Quanto alle spiegazioni offerte dal M., secondo il Tribunale le stesse, come aveva già rilevato il Giudice per le indagini preliminari, oltre ad essere prive di riscontri erano smentite dal tenore obiettivo e complessivo dei dialoghi, in relazione ai quali l’indagato aveva persino cercato di smentire di essere chiamato con il nome "(OMISSIS)", pur essendo stato accertato che era esattamente lui la persona cui si rivolgevano gli interlocutori che usavano tale appellativo, e aveva implausibilmente negato di conoscere il significato di "capo giovane", tentando di far credere che G. N. era abituato ad ubriacarsi a parlare a sproposito, che il termine Banco Nuovo e gli altri riferimenti a gruppi o riunioni si riferivano a consorzi irrigui, frammentando le conversazioni e attribuendo a singole proposizioni significati incompatibili da un lato con una piana lettura d’insieme, dall’altro con il tenore inequivoco di alcuni dei termini usati.

Dal provvedimento impugnato emerge in conclusione un quadro di scrupolosa e addirittura alle volte puntigliosa, ma sempre perfettamente logica e saldamente ancorata a dati fattuali, confutazione delle prospettazioni difensive.

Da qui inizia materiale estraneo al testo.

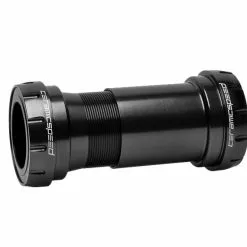 Ceramic Speed Movimento Centrale Dub Bb30 29x68mm Nero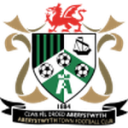 Абериствит Товн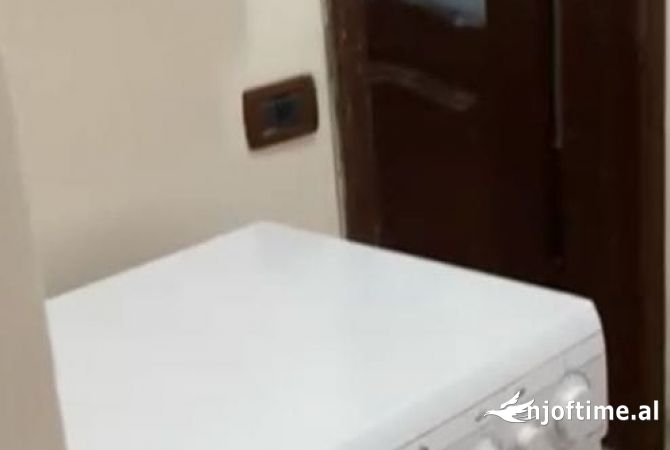 Shtepi me qera 2+1 ne Tirane - 500 Euro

Certo è che nessuno dei tentativi di spiegazione alternativa del ricorrente è rimasto senza risposta, e le osservazioni del Tribunale, oltre ad essere intrinsecamente plausibili sono, come detto, ogni volta supportate da precisi riferimenti a dati e frasi ritenuti di indubbio valore contrario sulla base di argomentazioni fondate di volta a volta sul tenore inequivoco di altre espressioni contestualmente usate ovvero sulla inconciliabilità delle osservazioni difensive con il contesto risultante dagli atti, che non sono censurabili nè sotto il profilo della tenuta logica nè dal punto di vista della completezza e della adeguatezza.

E’ vero che il Tribunale si è lasciato a tratti andare a commenti incontinenti sul pregio delle deduzioni difensive, non consoni alla materia. Tali accenti, perchè solo di questo si tratta, non intaccano tuttavia la intima coerenza e l’ampia giustificazione della decisione adottata, potendo al più comportare il rigetto, anzichè la declaratoria d’inammissibilità, di motivi di ricorso che reiterano considerazioni che attengono all’apprezzamento, correttamente operato, del materiale probatorio e neppure considerano appieno gli argomenti di sostanza spesi, in risposta, dal provvedimento impugnato.

3. Il ricorso non può pertanto che essere rigettato e il ricorrente va condannato al pagamento delle spese processuali.

Non comportando la presente decisione la rimessione in libertà del ricorrente, la cancelleria provvederà agli adempimenti di cui all’art. 94 disp. att. c.p.p., comma 1 ter.
P.Q.M.

Rigetta il ricorso e condanna il ricorrente al pagamento delle spese processuali.

Manda alla cancelleria per gli adempimenti di cui all’art. 94 disp. att. c.p.p., comma 1-ter.

Testo non ufficiale. La sola stampa del bollettino ufficiale ha carattere legale.